In this, my first ever blog post, I will briefly present my case study of Swedish lifestyle movers in Malta, and also make a summary of some of the threads of my research. My academic background is in geography, and my aim is to add and elaborate on the spatial perspective to the current theorization of lifestyle mobilities.
First, why did I choose to locate my fieldwork in the tiny island state Malta? Like many of my respondents, I wanted to find another example than the heavily exploited beaches of the Costa del Sol. Like my respondents, I wanted to understand the context of the place, and have the perspective of local agents and mediators, why an English-speaking country was preferable. For some reason or another, I stumbled over this tiny rock in the midst of the Mediterranean, and found it to be an interesting case for many reasons, not least the outspoken wish of the Maltese government to attract lifestyle movers and the resulting packages of policy directed to achieve this goal. In many ways, opportunities for finding the ‘good life’ in Malta is facilitated and promoted, in other ways it is limited. My research aims primarily to explore these structures, how they are interpreted by the movers, and how the movers negotiate strategies to make the most of opportunities.

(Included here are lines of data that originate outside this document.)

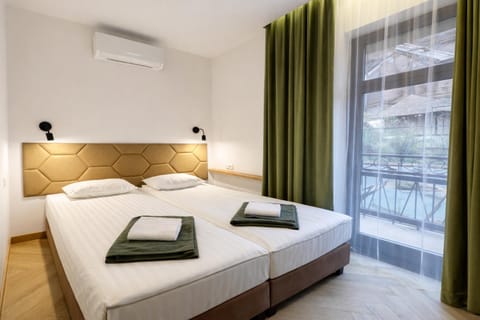 Bed, Photo of the whole room, Bedroom, towels, air conditioner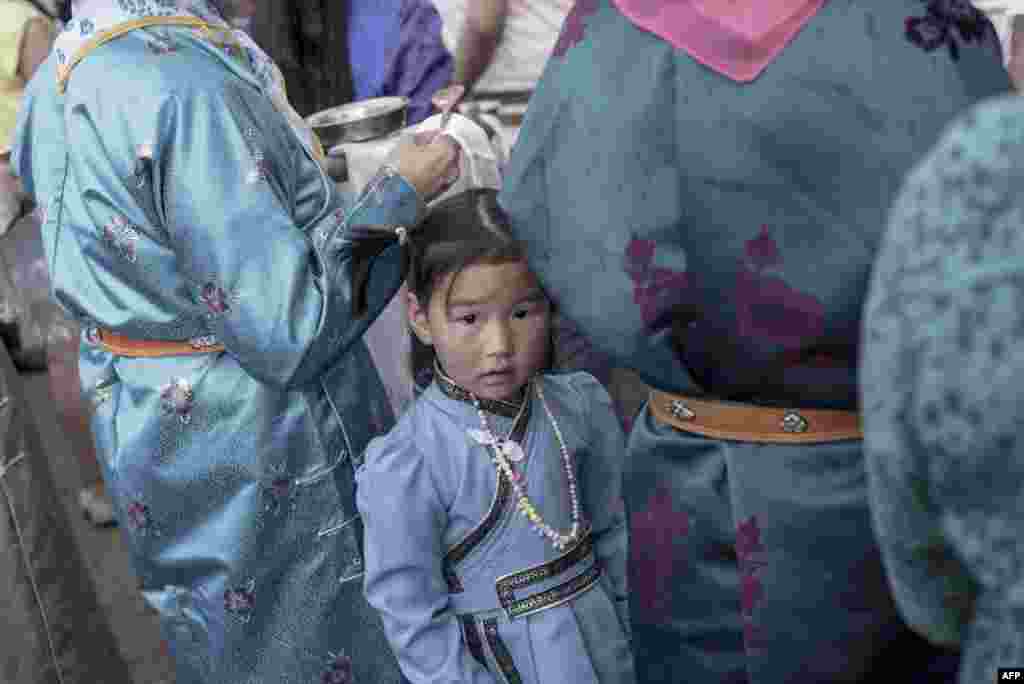 A girl wearing a traditional Mongolian costume waits with her mother during a speech from presidential candidate Battulga Khaltmaa from the Mongolian Democracy Party, during a rally in Ulaanbaatar. On June 26, Mongolians will elect a president from among three candidates.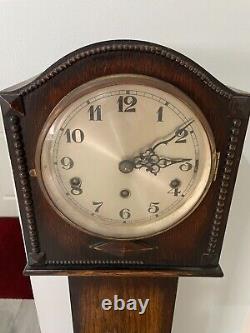 Antique Grandfather clock still chimes see video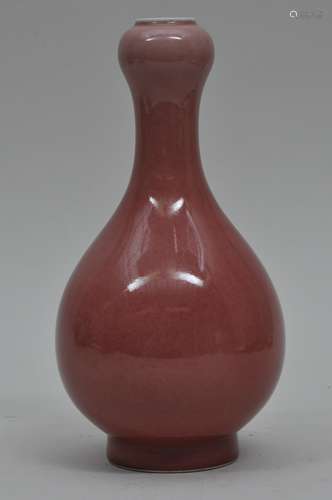 Porcelain vase. China. 19th century. Garlic mouth form. Peach bloom glaze. 8-1/2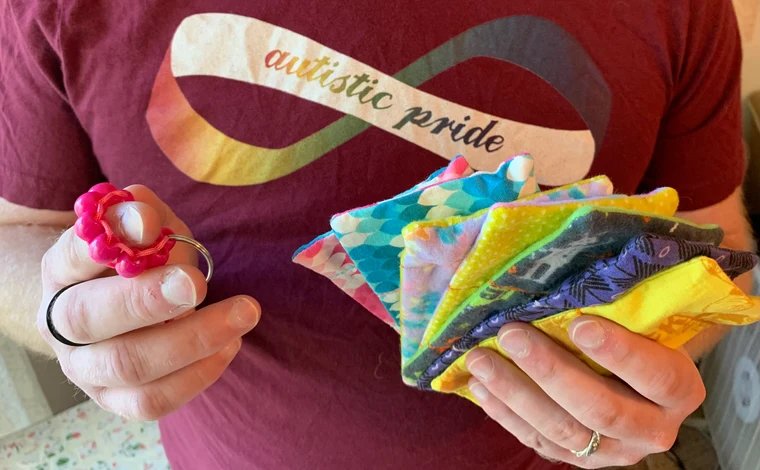 Person holding fidgets and wearing autistic pride shirt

Two major groups of Swedish lifestyle movers can be found in Malta; young, mobile professionals working in online betting and other IT sectors, and retirees seeking a leisured, relaxed/active lifestyle. It is toward the latter group I have concentrated my research. The movers describe the common lifestyle-led aspirations of the ‘good life’ in Malta: a warm climate, a relaxed way of living, being active and exploring the attractions of the islands, and enjoying a high standard of life. One very interesting, and complex driver is the economic consideration. Living in Malta (among other destinations) is, for these movers, economically advantageous not only because of slightly lower costs of living, but primarily for the opportunity to access a very favorable, remittance-based personal taxation scheme. For Swedish retirees with a high Swedish pension fund, this is very attractive. I call it a complex driver is because access to lower taxes is not, in itself, an amenity however it certainly provides opportunities for accessing amenities. Affluence can very well be an outcome of the move, but it is also a prerequisite because of the criteria that has to be fulfilled in order to access the schemes.
When asked to explain what the ‘good life’ mean to my respondents, the first images was of the ‘good life’ in Malta. However when elaborated, the imaginings acknowledged also the ‘good life’ that the movers had left in Sweden: intimacy with close ones, the family’s second home, summers in Sweden and so on. Quite soon, it became clear that the ‘good life’ comprises both these places, and the search for quality of life is, for my respondents, truly the search for ‘the best of both worlds’. This relationship between the two places that are meaningful to the movers was often expressed with ambiguity. Thus, the search for quality of life includes a constant search for balance between mobility and moorings.